Thursday, June 14, 2018

David and Goliath: Underdogs, Misfits, and the Art of Battling Giants Paperback – April 7, 2015 by Malcolm Gladwell (Back Bay Books)

Headline: This book will be impactful for those that enjoy long stories/narratives to make a point.

Book Summary: The author points out stories of inspiration to encourage people to overcome difficulties or adversity. The author also strongly cautions taking on too much adversity as the result may be the opposite of what is intended. The thesis of the book would be, "Through these stories, I want to explore two ideas. The first is that much of what we consider valuable in our world arises out of these kinds of lopsided conflicts, because the act of facing overwhelming odds produces greatness and beauty. And second, that we consistently get these kinds of conflicts wrong. We misread them. We misinterpret them. Giants are not what we think they are. The same qualities that appear to give them strength are often the sources of great weakness" (Kindle, 48). The author successfully attributes narratives throughout the book to make these points seem real. The narratives also tug at one's heartstrings in a way that makes the objective of the story become vivid. Gladwell further evidences his point by offering simple examples such as a U-curve so that individuals may understand the tipping point as best as possible between various scenarios.

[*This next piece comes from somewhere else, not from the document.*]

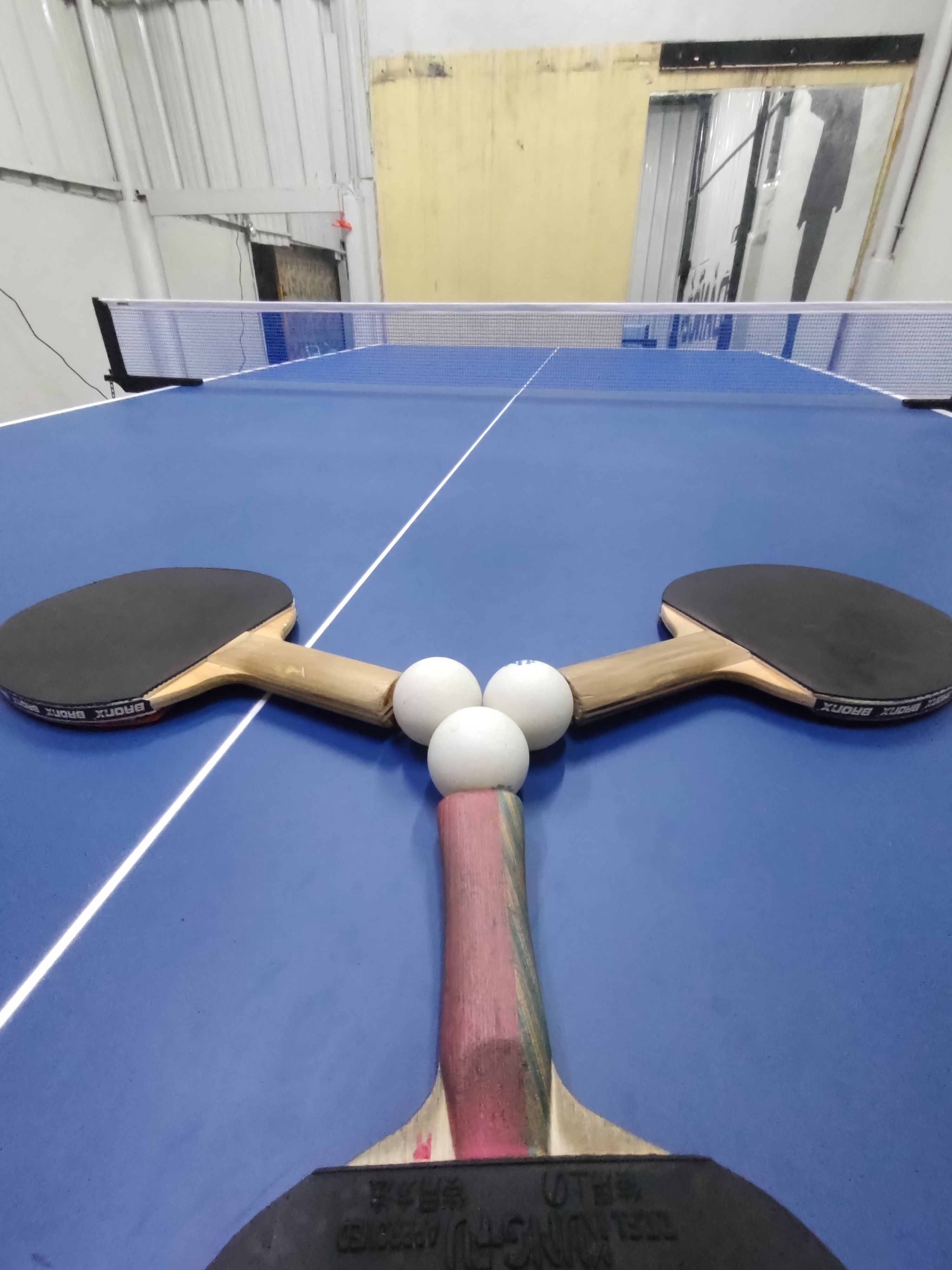 Raj Sports Table Tennis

One of the best stories in the book related to this tipping point was of a student who attended Harvard for a degree in science. While this student was in the 99th percentile in the world for her brilliance, the constant comparing of herself to other "smarter" students ended up holding her back. Had she gone to a school with a slightly less competitive nature, she would have excelled. Gladwell comments, "We compare ourselves to those in the same situation as ourselves" (Kindle, 869). Gladwell does well with this because while many book about inspiration focus purely on the positive aspect of life, few are able to caution the opposite effect that may result from too much positivity (positivity used loosely here). "What matters, in determining the likelihood of getting a science degree, is not just how smart you are. It’s how smart you feel relative to the other people in your classroom" (Kindle, 922).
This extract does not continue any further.